Il suo regno fu interrotto il 23 gennaio del 1984 dall’emergente Hulk Hogan, l’emblema dell’epoca d’oro del Wrestling che segnò il cambio generazionale con i wrestler del passato. Inversione di tendenza netta che un osservatore più attento rileverà anche nella successione dei baffi dei due campioni (dal manubrio nero di Sheik al ferro di cavallo biondo quasi ossigenato di Hogan). Dopo la sconfitta dell’Iron Sheik fu rapidissimo anche il declino di questa icona del ring trascinata nel fango da uno scandalo per uso di stupefacenti. A seguito della radiazione dalla WWF e da tutti i più importanti circuiti, il wrestler iraniano si ritrovò a guadagnarsi la pagnotta nelle fiere di paese lontano dai riflettori e dalle grandi platee. Per il lottatore si aprì un capitolo buio della sua vita che lo portò a sprofondare nel tunnel della droga fino al recente riscatto del 2014 quando venne girato il documentario e Sheik capì di essere ancora nel cuore della gente tornando a “lottare” con i Social Media.

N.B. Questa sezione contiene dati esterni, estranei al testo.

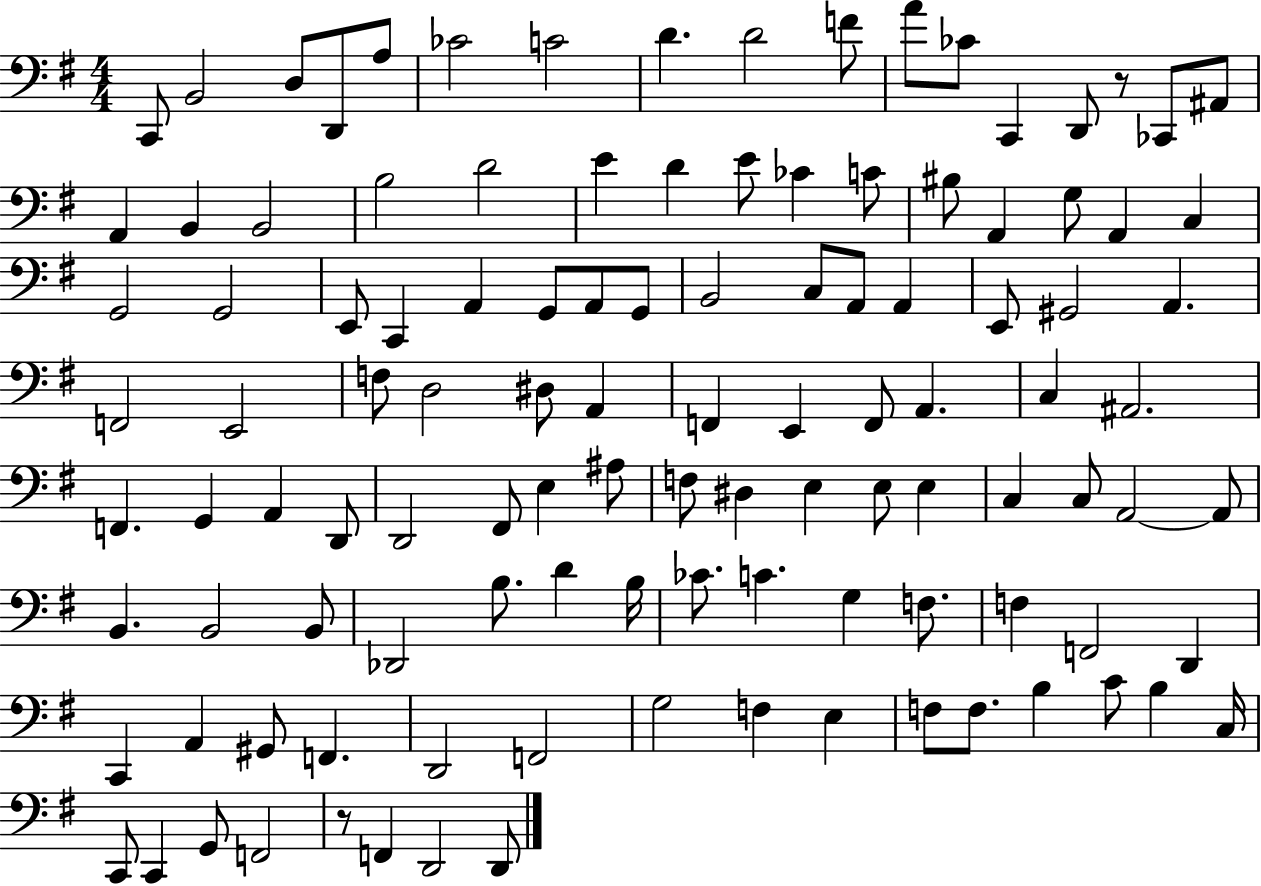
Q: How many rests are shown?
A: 2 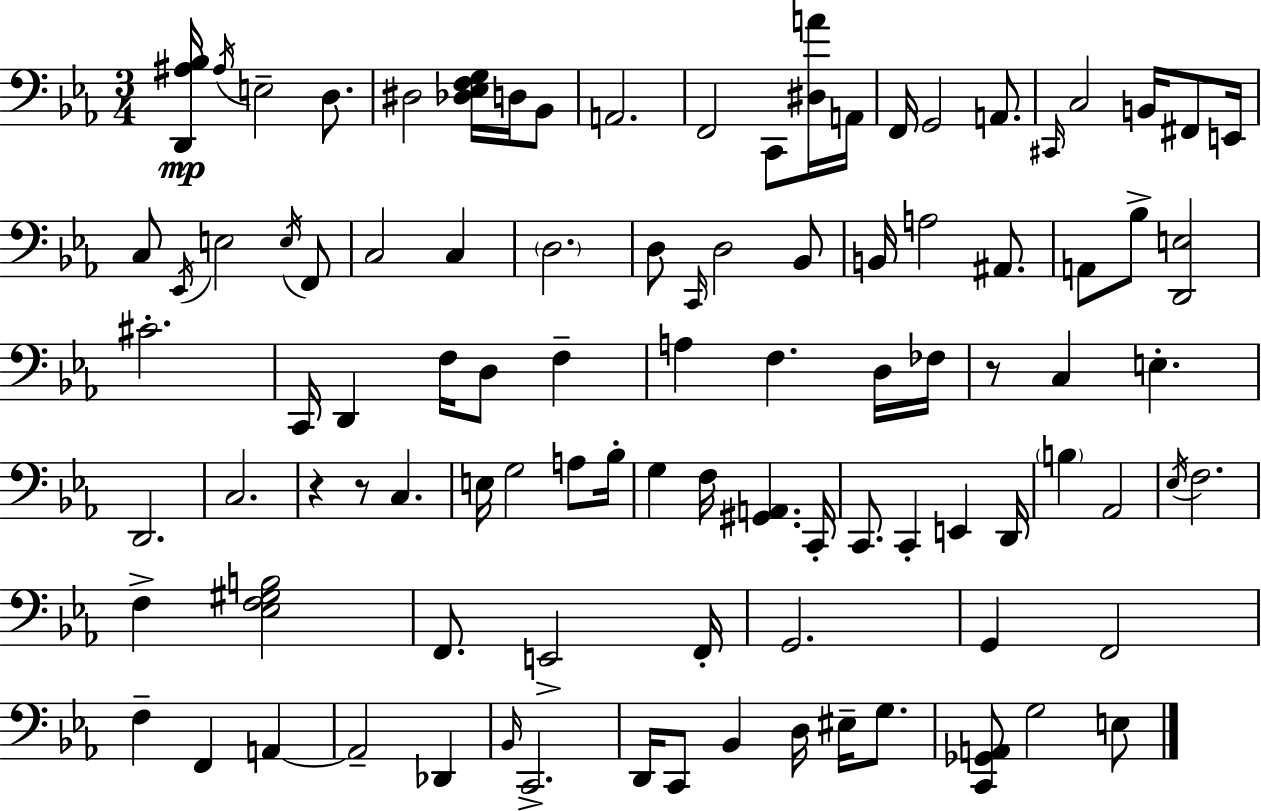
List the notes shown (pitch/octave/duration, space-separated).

[D2,A#3,Bb3]/s A#3/s E3/h D3/e. D#3/h [Db3,Eb3,F3,G3]/s D3/s Bb2/e A2/h. F2/h C2/e [D#3,A4]/s A2/s F2/s G2/h A2/e. C#2/s C3/h B2/s F#2/e E2/s C3/e Eb2/s E3/h E3/s F2/e C3/h C3/q D3/h. D3/e C2/s D3/h Bb2/e B2/s A3/h A#2/e. A2/e Bb3/e [D2,E3]/h C#4/h. C2/s D2/q F3/s D3/e F3/q A3/q F3/q. D3/s FES3/s R/e C3/q E3/q. D2/h. C3/h. R/q R/e C3/q. E3/s G3/h A3/e Bb3/s G3/q F3/s [G#2,A2]/q. C2/s C2/e. C2/q E2/q D2/s B3/q Ab2/h Eb3/s F3/h. F3/q [Eb3,F3,G#3,B3]/h F2/e. E2/h F2/s G2/h. G2/q F2/h F3/q F2/q A2/q A2/h Db2/q Bb2/s C2/h. D2/s C2/e Bb2/q D3/s EIS3/s G3/e. [C2,Gb2,A2]/e G3/h E3/e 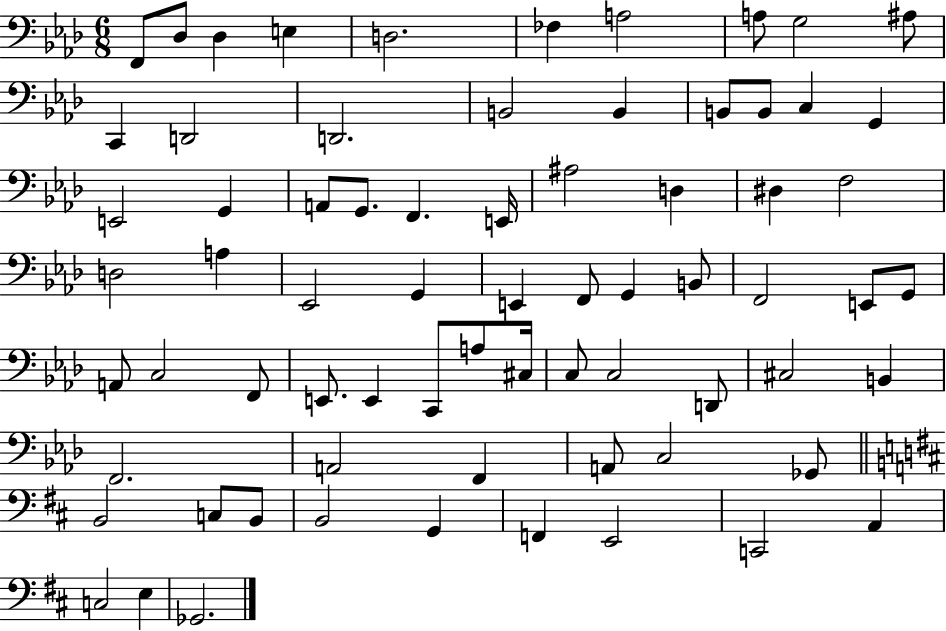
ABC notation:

X:1
T:Untitled
M:6/8
L:1/4
K:Ab
F,,/2 _D,/2 _D, E, D,2 _F, A,2 A,/2 G,2 ^A,/2 C,, D,,2 D,,2 B,,2 B,, B,,/2 B,,/2 C, G,, E,,2 G,, A,,/2 G,,/2 F,, E,,/4 ^A,2 D, ^D, F,2 D,2 A, _E,,2 G,, E,, F,,/2 G,, B,,/2 F,,2 E,,/2 G,,/2 A,,/2 C,2 F,,/2 E,,/2 E,, C,,/2 A,/2 ^C,/4 C,/2 C,2 D,,/2 ^C,2 B,, F,,2 A,,2 F,, A,,/2 C,2 _G,,/2 B,,2 C,/2 B,,/2 B,,2 G,, F,, E,,2 C,,2 A,, C,2 E, _G,,2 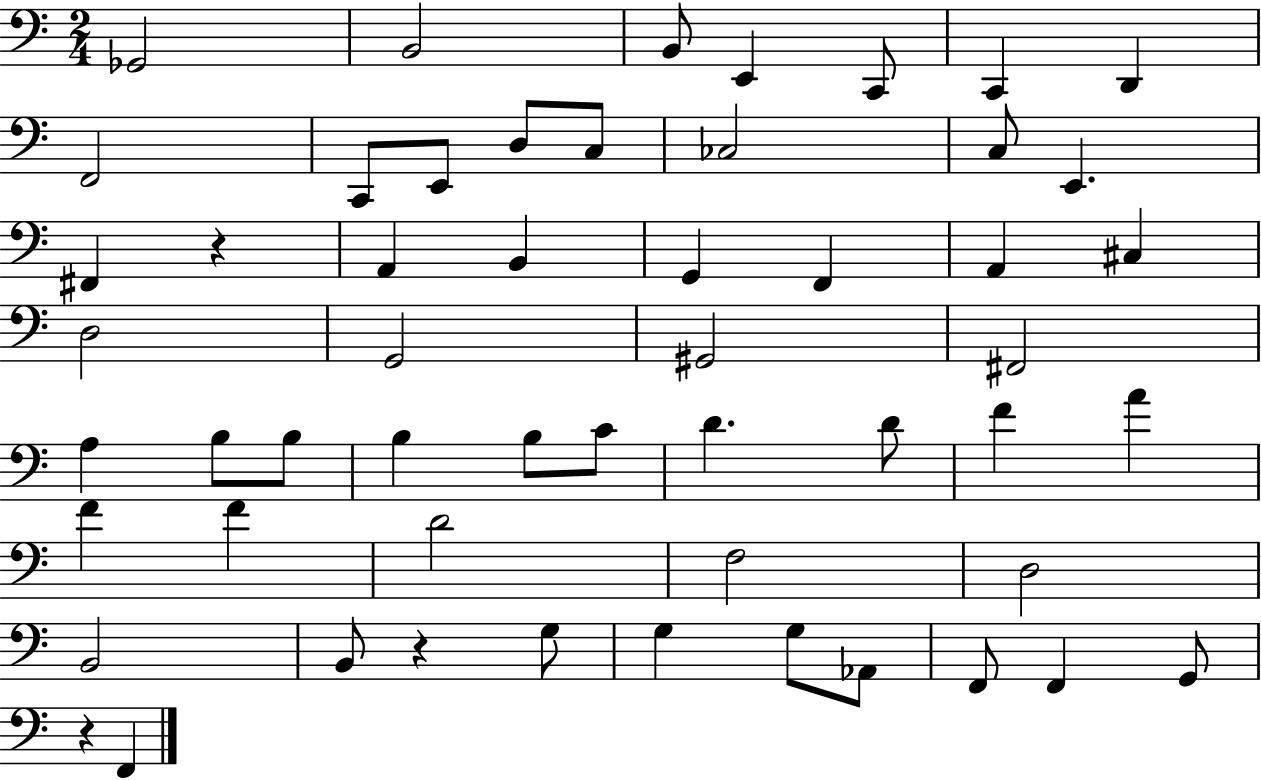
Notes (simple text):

Gb2/h B2/h B2/e E2/q C2/e C2/q D2/q F2/h C2/e E2/e D3/e C3/e CES3/h C3/e E2/q. F#2/q R/q A2/q B2/q G2/q F2/q A2/q C#3/q D3/h G2/h G#2/h F#2/h A3/q B3/e B3/e B3/q B3/e C4/e D4/q. D4/e F4/q A4/q F4/q F4/q D4/h F3/h D3/h B2/h B2/e R/q G3/e G3/q G3/e Ab2/e F2/e F2/q G2/e R/q F2/q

Negli ultimi anni infatti il suo profilo Twitter (@the_ironsheik) è diventato quasi un fenomeno mediatico negli States e ora vanta oltre mezzo milione di follower. A 78 anni suonati, questo baffone del ring è tornato sulla cresta dell’onda e continua a rifilare sganassoni attraverso i suoi tweet che, con condita sagacia e il classico slang sgangherato e prepotente, commentano fatti di cronaca e attualità.
I MAKE THE CORONA VIRUS HUMBLE pic.twitter.com/TELXMI8XdI
— The Iron Sheik (@the_ironsheik) April 23, 2020
Qui l’Iron Sheik rende umile il Coronavirus
Come molti altri bambini della mia generazione anche io ho vissuto sulla mia pelle l’esplosione televisiva del wrestling, e il fulgore dei coloratissimi match della WWE quando, a cavallo tra anni ’80 e ’90, iniziava a diffondersi l’Hulkmania e gli ospedali si riempivano di ragazzini con magliette strappate e ossa fracassate nel tentativo di emulare i loro idoli del ring e in esplosioni di “violenza crossmediale” cercavano magari di toccare qualche punto di pressione lanciando gragnuole di “serciate” alla Ken Shiro. Ricordo memorabili risse con i miei compagni di classe con tanto di mosse speciali e tentativi di supplex, a mio avviso è davvero un miracolo che nessuno di noi abbia preso la corsa diretta per l’Ade… Sono a tutti gli effetti un sopravvissuto. In memoria di quei pomeriggi spensierati, dopo essermi goduto questo straordinario documentario di ascesa, caduta e rivincita, mi sembrava il minimo tributare un pezzo al leggendario Sceicco che forse, ora che ho avuto modo di ripensarci, ha avuto un peso non indifferente nella costruzione del mio immaginario baffuto.